Süt sektöründe uzun süredir yaşanan girdi maliyetleri ve satış fiyatlarına yöönelik sorunlar ve çözüm önerileri konusunda sektör temsilcileri ortak bir basın açıklaması yayınladı

“Süt üreticileri büyük bir sıkıntı içerisindedir, geleceğe güvenle bakamamaktadır” denilen basın açıklamasına Türkiye Ziraat Odaları Birliği Genel Başkanı Şemsi Bayraktar, Türkiye Süt Üreticileri Merkez Birliği Genel Başkanı Tevfik Keskin, Türkiye Damızlık Sığır Yetiştiricileri Merkez Birliği Genel Başkanı Kamil Özcan, Türkiye Hayvancılık Kooperatifleri Merkez Birliği Genel Başkanı Ahmet Ertürk, Tarım Kooperatifleri Merkez Birliği Genel Başkanı Mehmet Özkurnaz, KÖY-KOOP Merkez Birliği Genel Başkanı Eray Çiçek ve Tüm Süt, Et ve Damızlık Sığır Yetiştiricileri Derneği Genel Başkanı Sencer Solakoğlu imza koydu.

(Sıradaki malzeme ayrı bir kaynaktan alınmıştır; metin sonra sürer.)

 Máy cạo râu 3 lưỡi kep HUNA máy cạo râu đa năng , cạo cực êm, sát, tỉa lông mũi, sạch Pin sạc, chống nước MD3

Ortak açıklamada şu ifadelere yer verildi: “Süt, hayvancılık sektörünün lokomotif ürünüdür. Büyükbaş hayvancılığın ayakta kalabilmesi ve kırmızı et üretiminde sıkıntı yaşanmaması ancak sütün istikrarlı ve güvenceli bir pazara sahip olmasıyla mümkündür. Geçtiğimiz yaz aylarında üretici örgütleri olarak yaptığımız açıklamalarda, hayvancılığın önemli bir sınavdan geçtiğini, üreticilerin umutlarının tükendiğini, ellerindeki hayvanları elden çıkarıp sektörden kaçmak istediklerini, bu zorlu süreçte üreticilerimizi desteklememiz gerektiğini aksi takdirde çok büyük ve telafisi yılları alacak bir sorunla karşılaşmamızın kaçınılmaz olacağını belirtmiştik. Maalesef şu an üreticilerimiz başta yem olmak üzere girdi maliyetlerini karşılayabilmek için her ay hayvanlarını kestirerek veya satmak zorunda kalarak hızla sektörden çıkmaktadır.”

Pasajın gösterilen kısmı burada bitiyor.